#### [Task objective]
In the data below, locate the line containing "Mini Electronic Calculator" and the line containing "Computer workstation with", then retype both and everything between them exactly. Pictures are not part of the copy.

#### [Provided material]
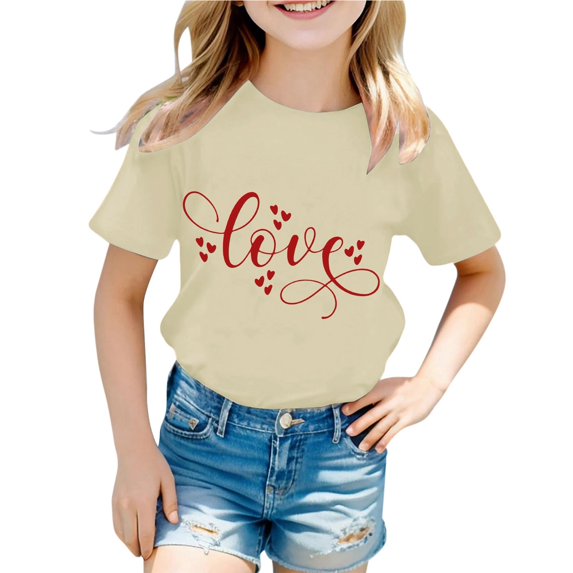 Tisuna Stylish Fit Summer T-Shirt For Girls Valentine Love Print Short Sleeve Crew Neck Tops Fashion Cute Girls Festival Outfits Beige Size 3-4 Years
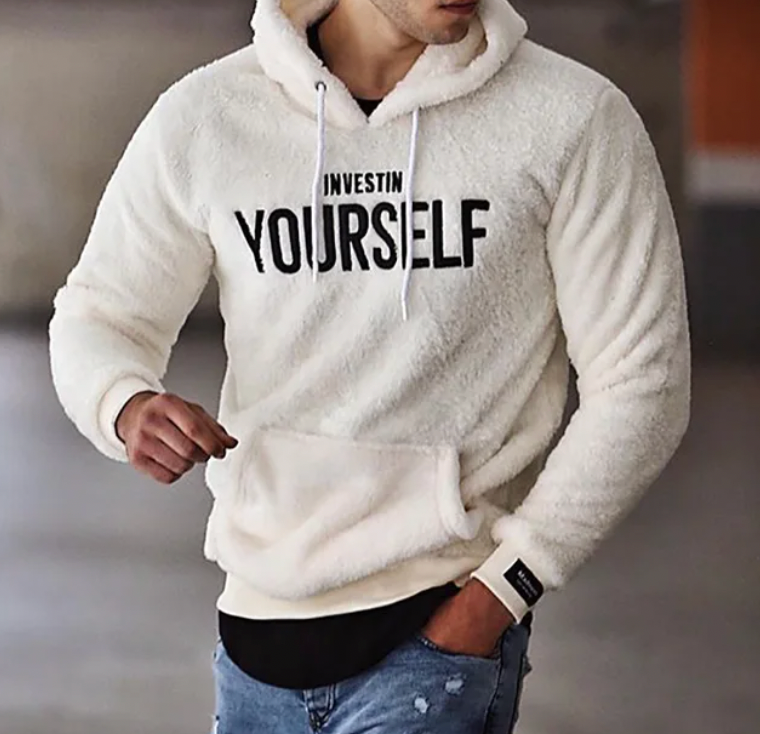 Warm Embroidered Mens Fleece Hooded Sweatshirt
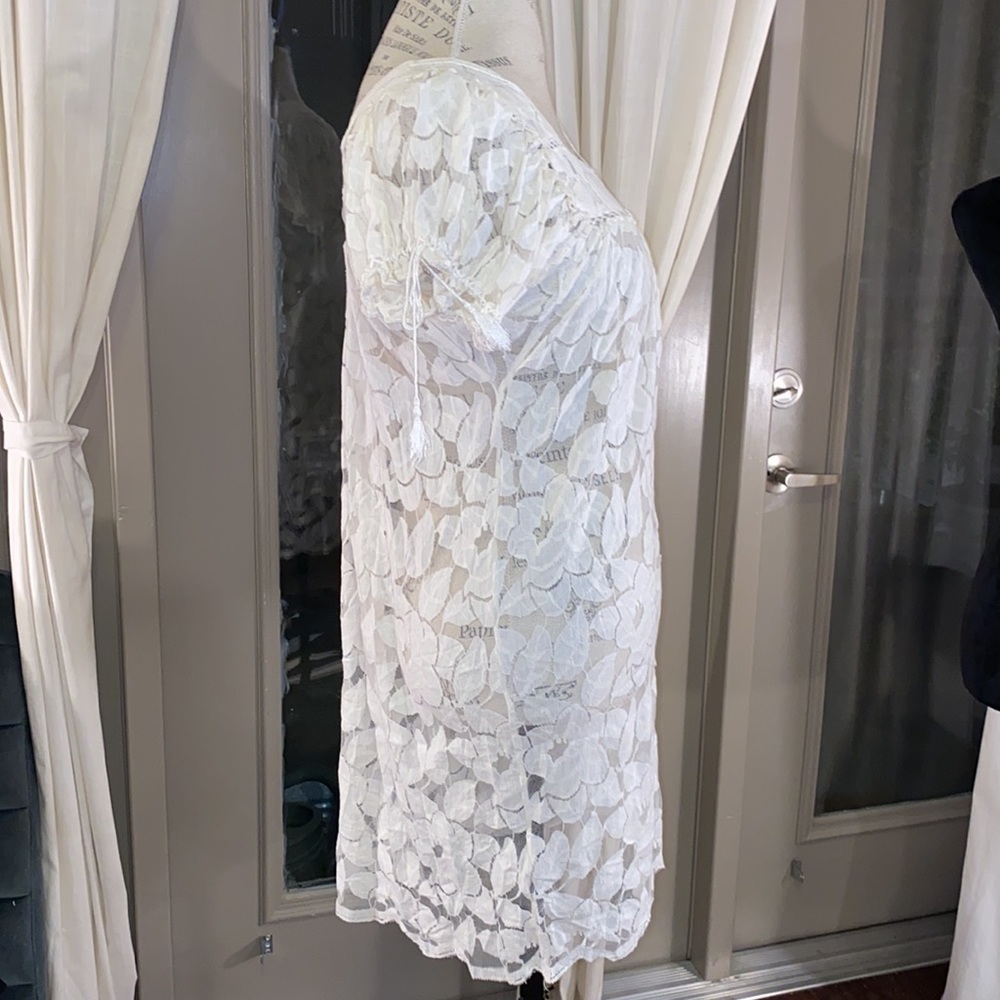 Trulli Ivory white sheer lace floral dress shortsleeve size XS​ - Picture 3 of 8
==
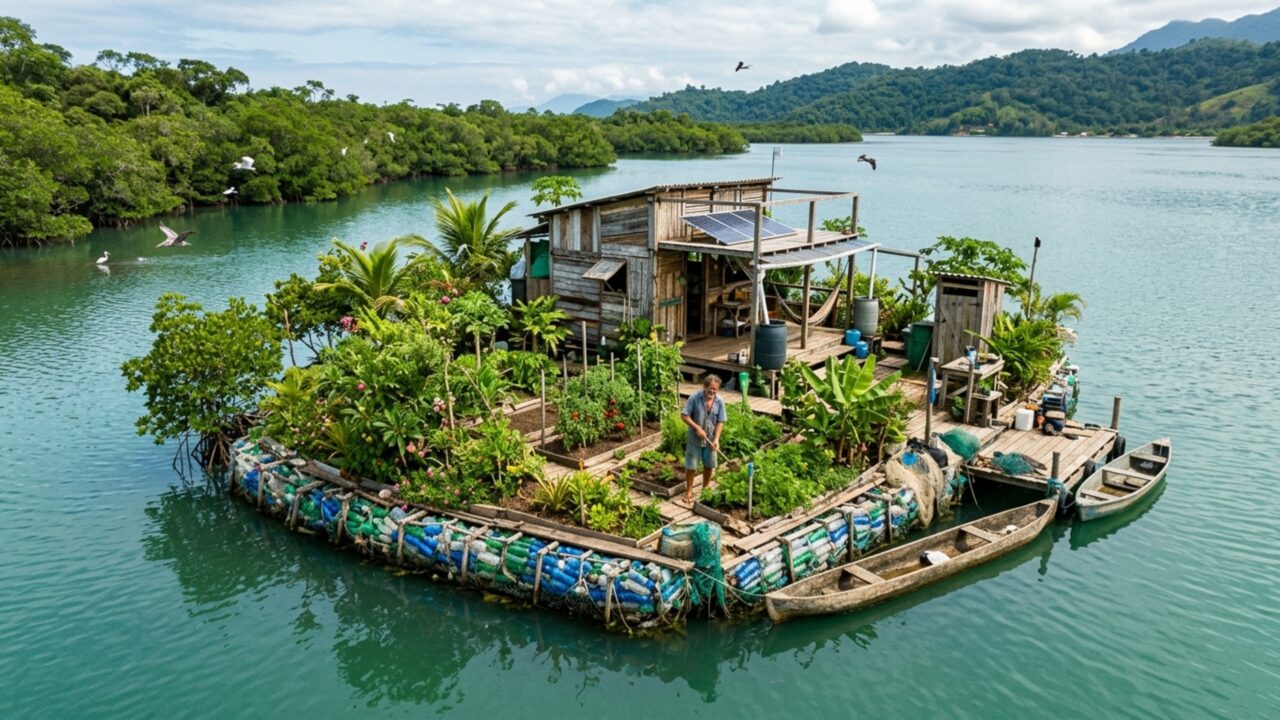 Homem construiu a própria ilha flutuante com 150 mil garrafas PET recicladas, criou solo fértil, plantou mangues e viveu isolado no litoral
---
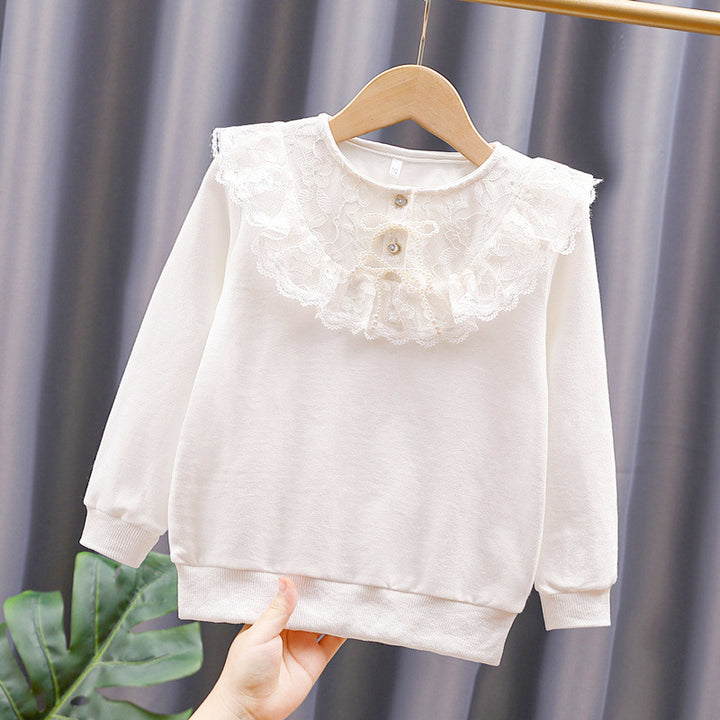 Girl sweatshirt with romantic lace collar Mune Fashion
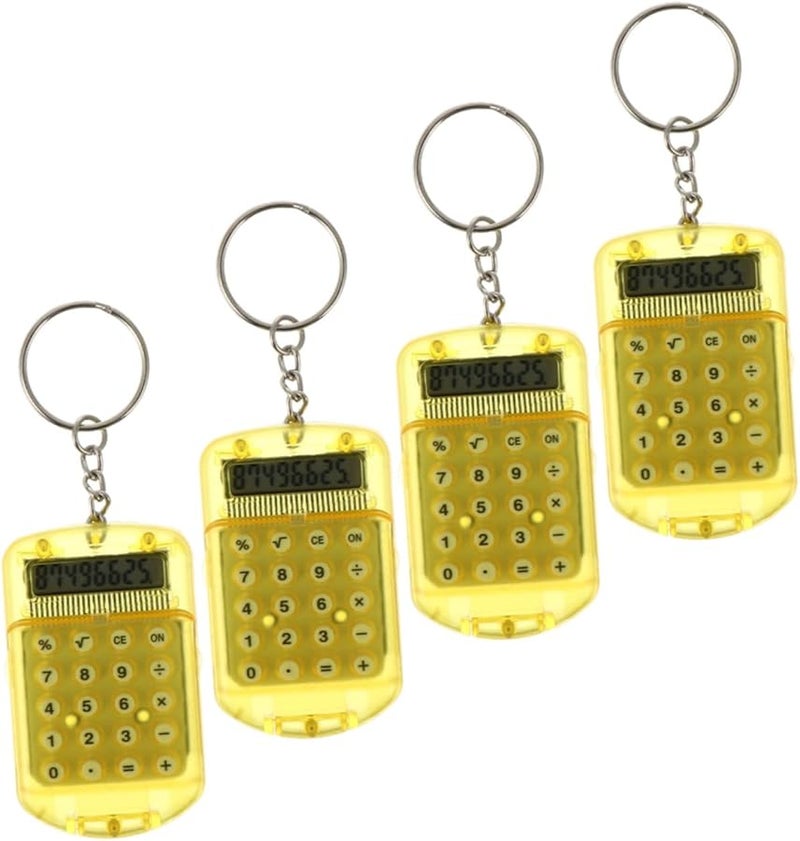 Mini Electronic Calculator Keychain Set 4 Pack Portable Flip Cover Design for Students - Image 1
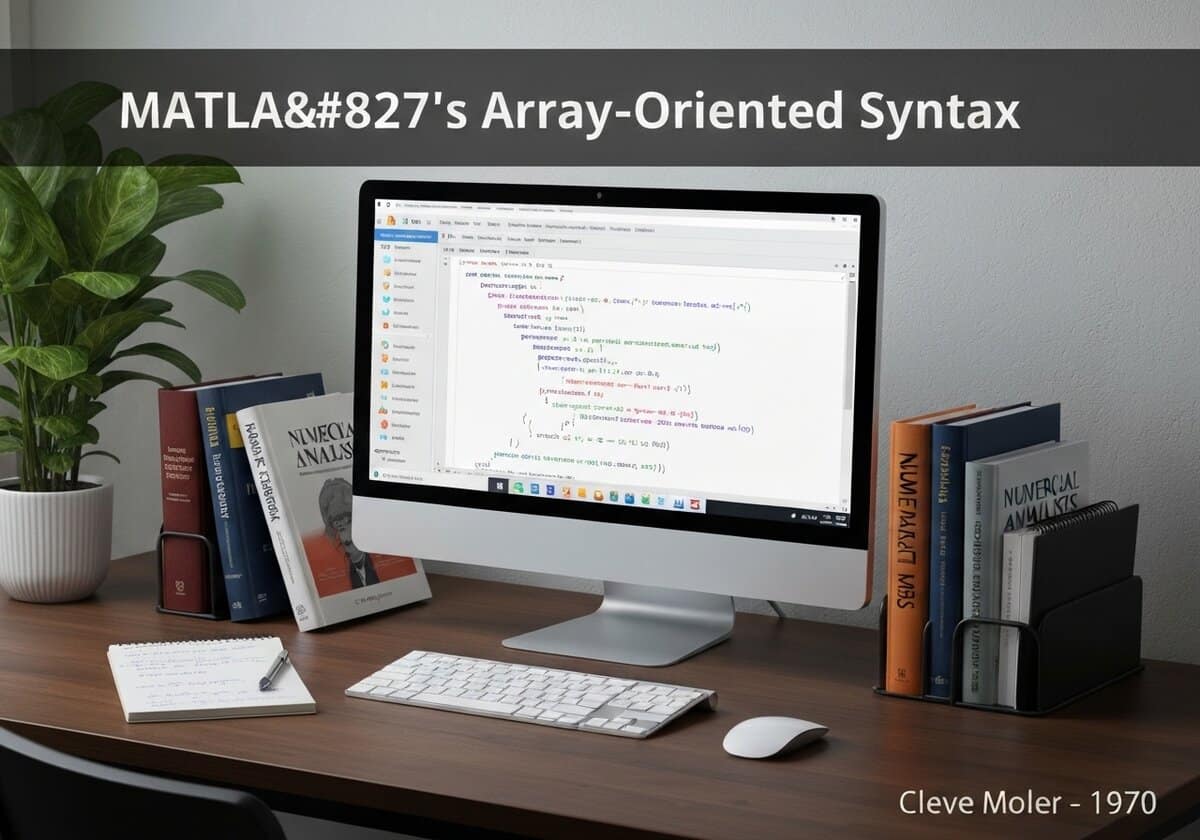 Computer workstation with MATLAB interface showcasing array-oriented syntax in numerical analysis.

#### [Problem solution]
 Mini Electronic Calculator Keychain Set 4 Pack Portable Flip Cover Design for Students - Image 1
 Computer workstation with MATLAB interface showcasing array-oriented syntax in numerical analysis.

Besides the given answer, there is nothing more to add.